When I'm playing Online Games I usually do a multi-task, I watch movies, listen to music, browsing, etc. When I do these stuffs my PC suddenly turns off. 

This problem of mine just started weeks ago, I already tried to format my drive c leaving my drive d untouched coz it came to my mind that maybe it's a virus, but sad to say it still happen. 

When it suddenly turns off I just turn it on immediately, sometimes when the desktop appears it already turns off. I tried opening the side cover of the CPU and put an Electric Fan, coz I thought that its due to overheat. It works in the early days but as of now it doesn't work, my PC still suddenly turns off.

Right now I avoid multi-tasking, I just open one program or so.
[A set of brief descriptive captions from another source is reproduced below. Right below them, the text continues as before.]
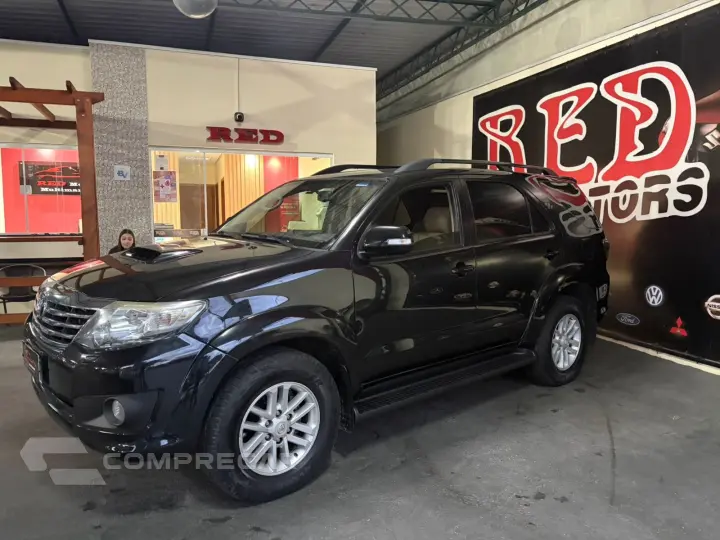 HILUX SW4 3.0 SRV 4X4 7 LUGARES 16V TURBO INTERCOOLER DIESEL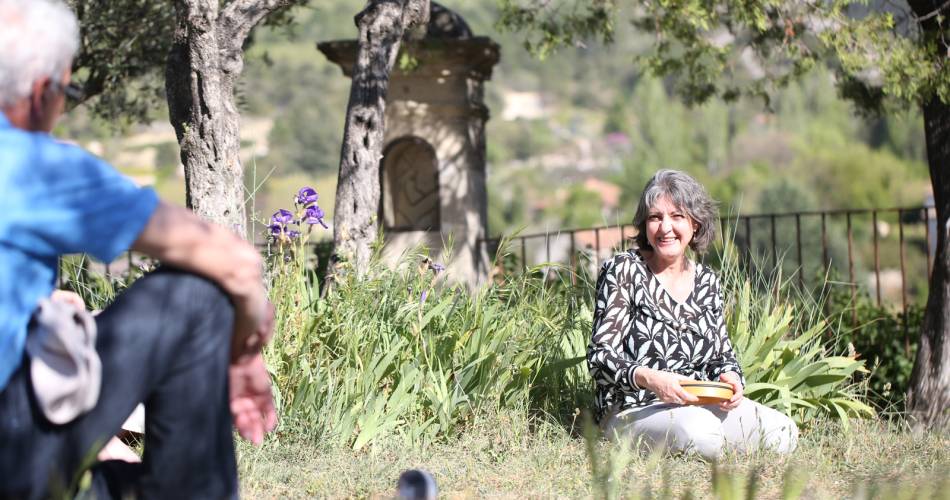 Verhalenwandeling in het hart van het dorp@Émilie Reynaud Cochet - Coll. OTIVP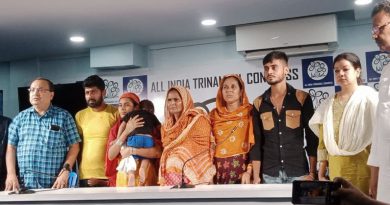 বেস্ট কলকাতা নিউজ : মুখ্যমন্ত্রীর অভিযোগের সত্যতা প্রমাণে অবশেষে 'আক্রান্ত'দের সামনে আনল তৃণমূল শিবির, মামলা দায়ের করার হুঁশিয়ারি দিল্লি পুলিশের বিরুদ্ধে
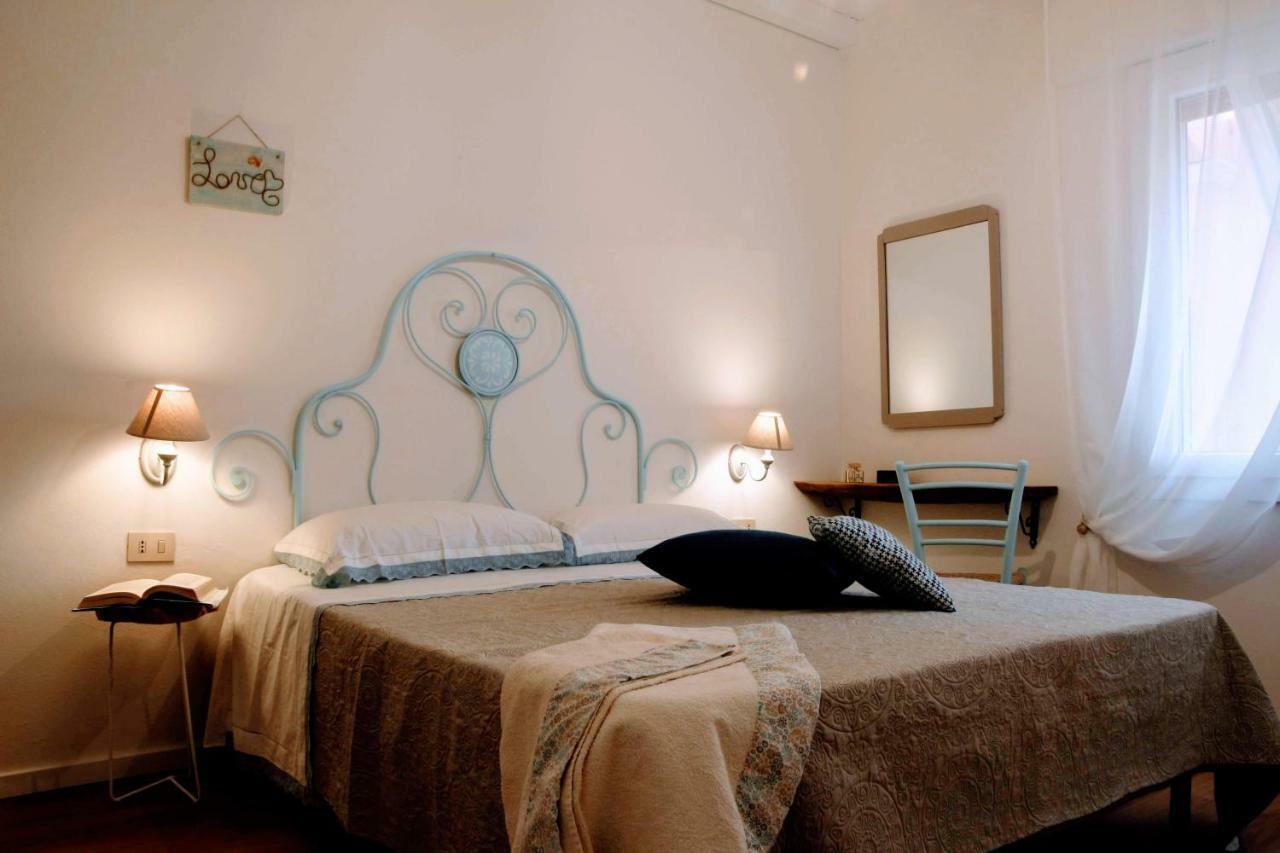 Grande Casa Al Mare Le Verande Санта Мария Наварезе Екстериор снимка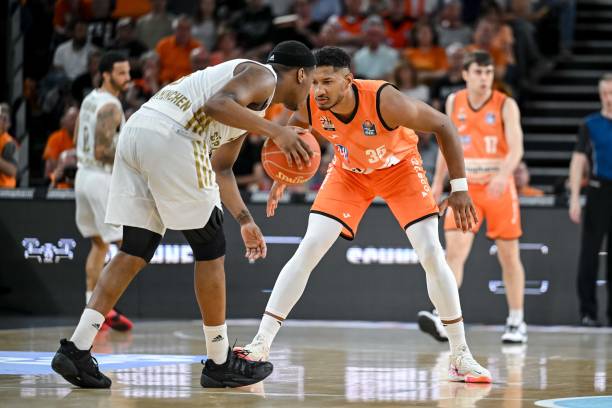 在G3回到 在G3回到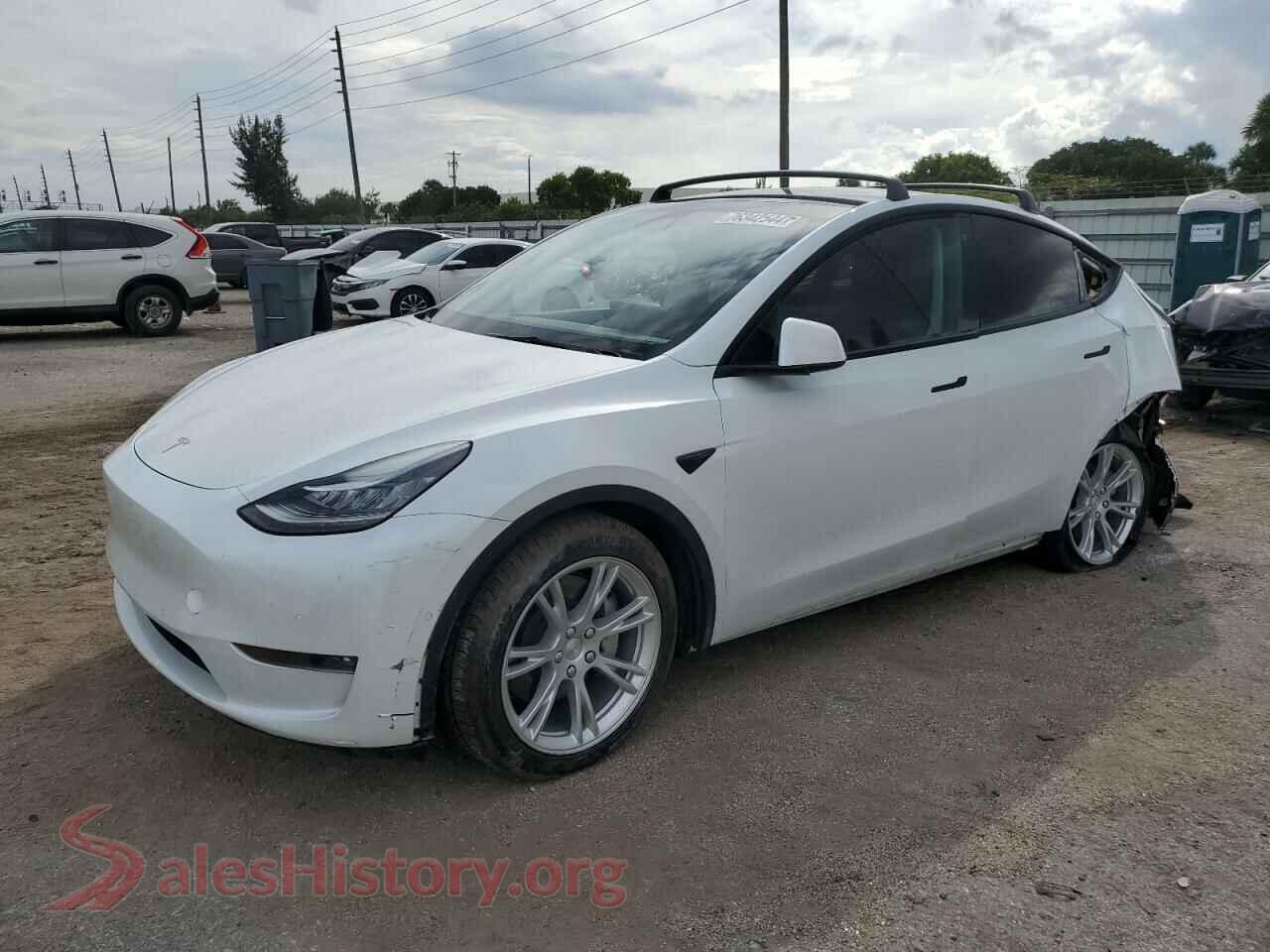 2021 TESLA MODEL Y — VIN 5YJYGDEE5MF258600
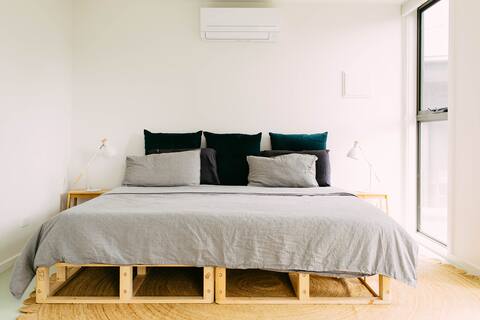 Light & Bright Studio
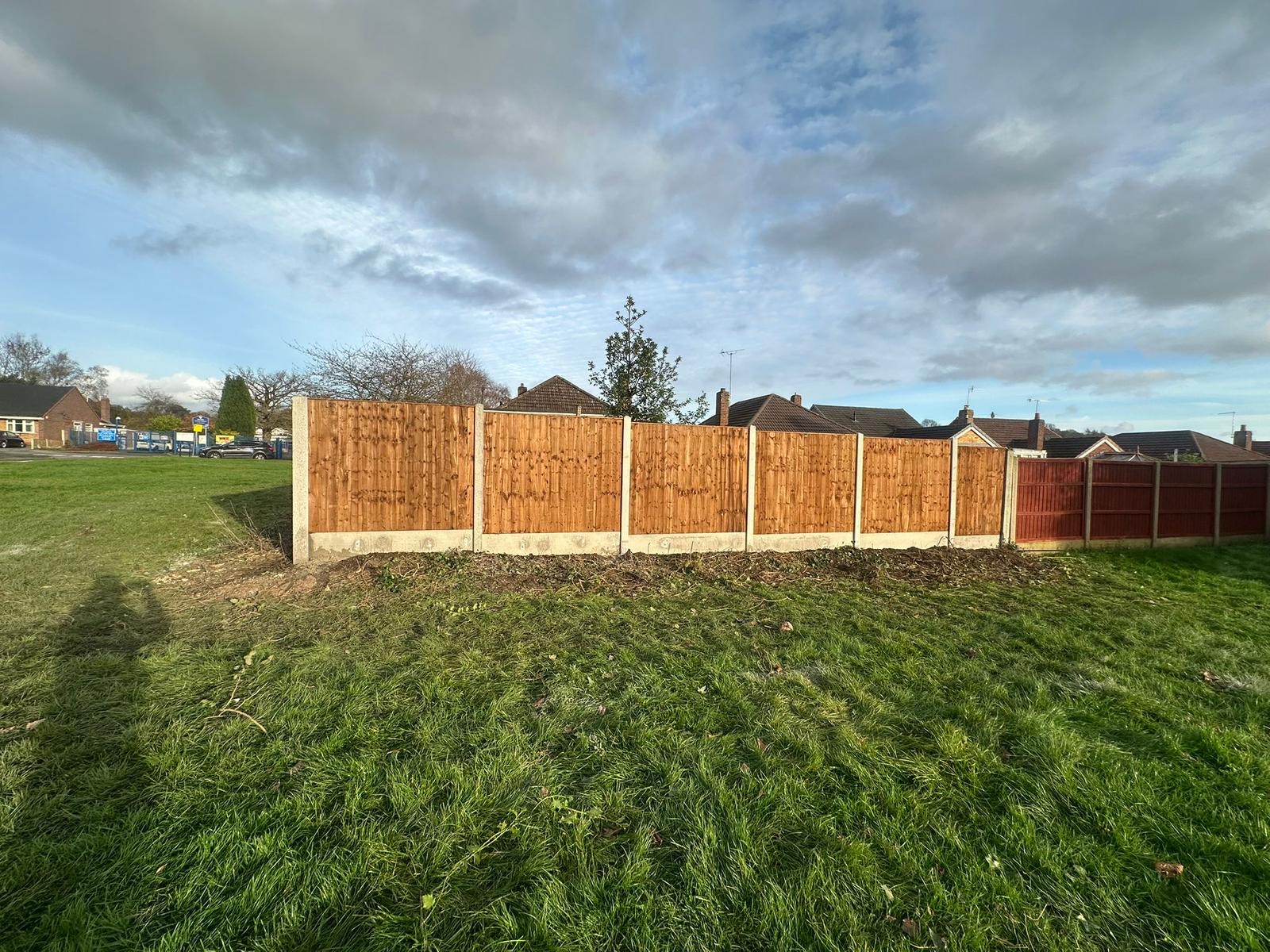 Decorative Picket Fencing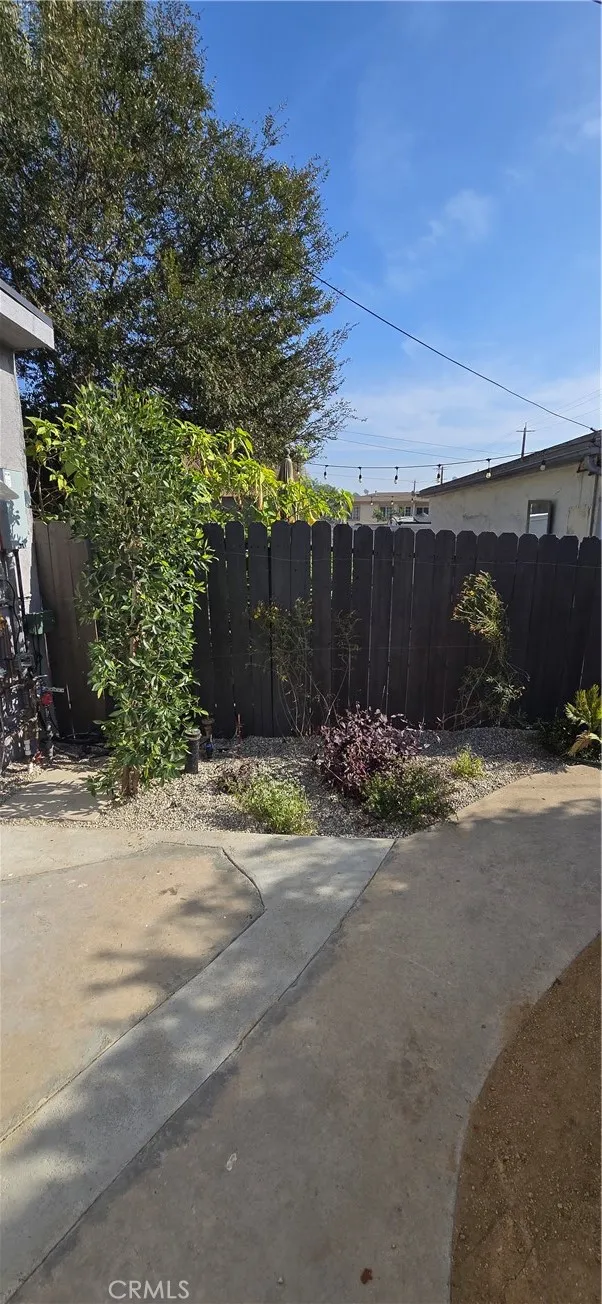 Additional image 36 of 2756 Locksley, Los Angeles, CA 90039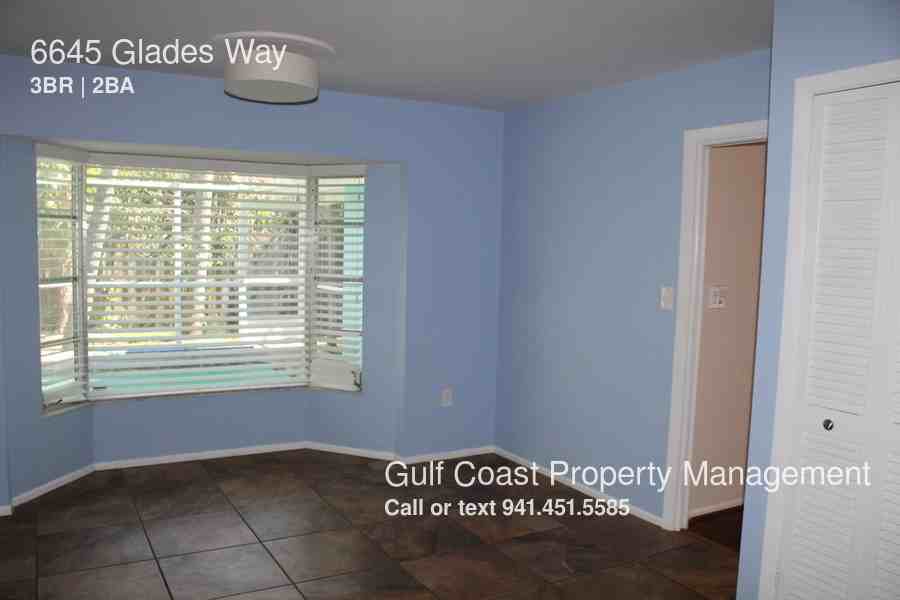 6645 Glades Way - Photo 3 of 11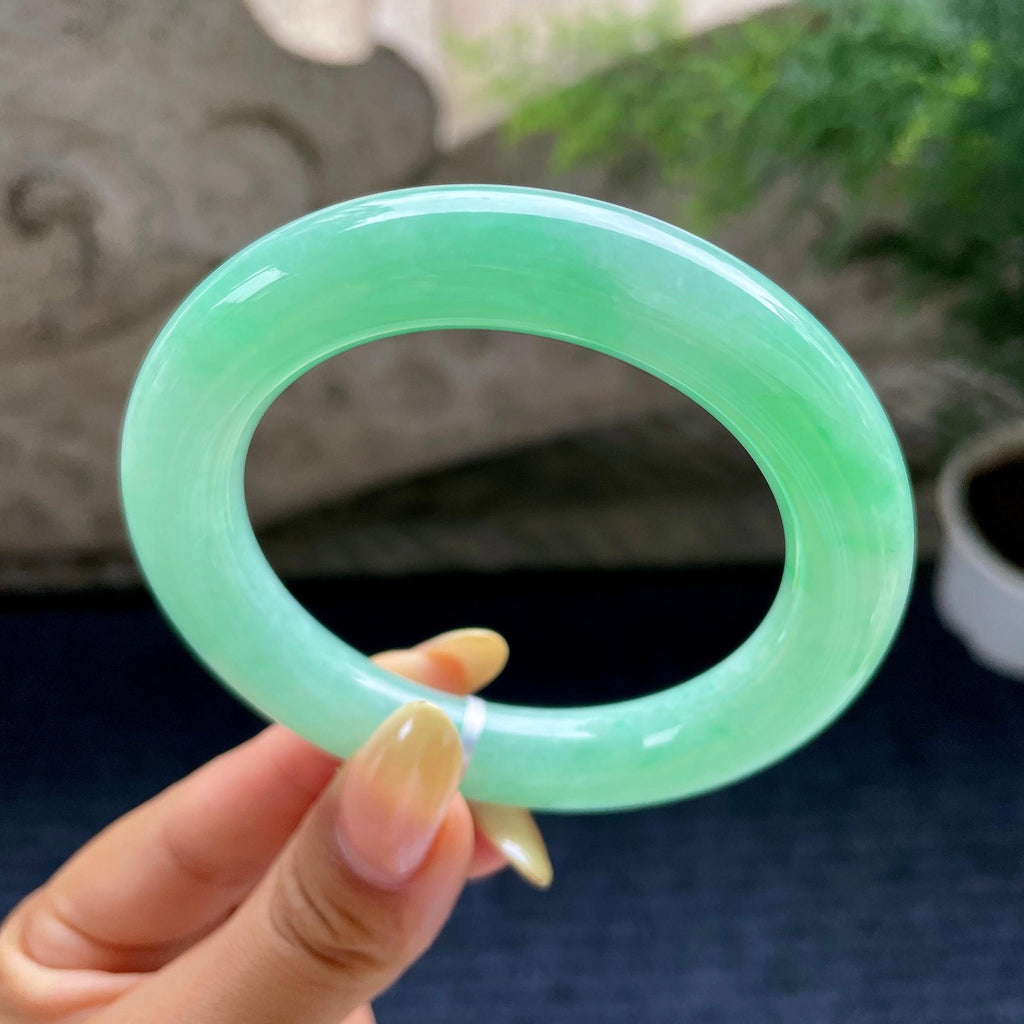 细糯种翠绿圆条手镯56.2圈 天然缅甸A货翡翠（yc489327）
Anyone know what's the problem on my PC? Here's my PC specs.

Mother Board - MSI p4
Processor - Intel Pentium D Processor 820
Video Card - ino3D 7600 Series 512 MB
RAM - 2 pcs 1gb DDR

Thx in advance for the help.


----------



## Joey101 (May 16, 2008)

What PSU have you got? it could be your PSU failing when your pc draws more power for when a heavy load is placed on it.


----------



## Wrench97 (May 10, 2008)

Is this a branded PC if so what brand and model if not or if you have changed it what PSU brand and model.
You may want to try booting into the Bios Setup program after it shuts down and check the voltages and Temps.


----------



## redmob (Aug 9, 2008)

My PC is not branded, it's just assembled. Bought good pc parts with different brand. I don't know what to copy on the PSU's details, but I copied the last part of its details.

+5V & +3.3V Combined 130W MAX. +5V & +3.3V & 12V Combined 480W MAX. Total Output 500W MAX.

Frequency 60hz-50hz

Model: LC - 8500BTX (I can't find it's brand, but there's a logo that looks like number 1.)


----------



## redmob (Aug 9, 2008)

After more than 5 hrs that my PC is on I checked the Voltages and Temps. Here's the details. (By the way in this situation my pc didn't suddenly turned off.)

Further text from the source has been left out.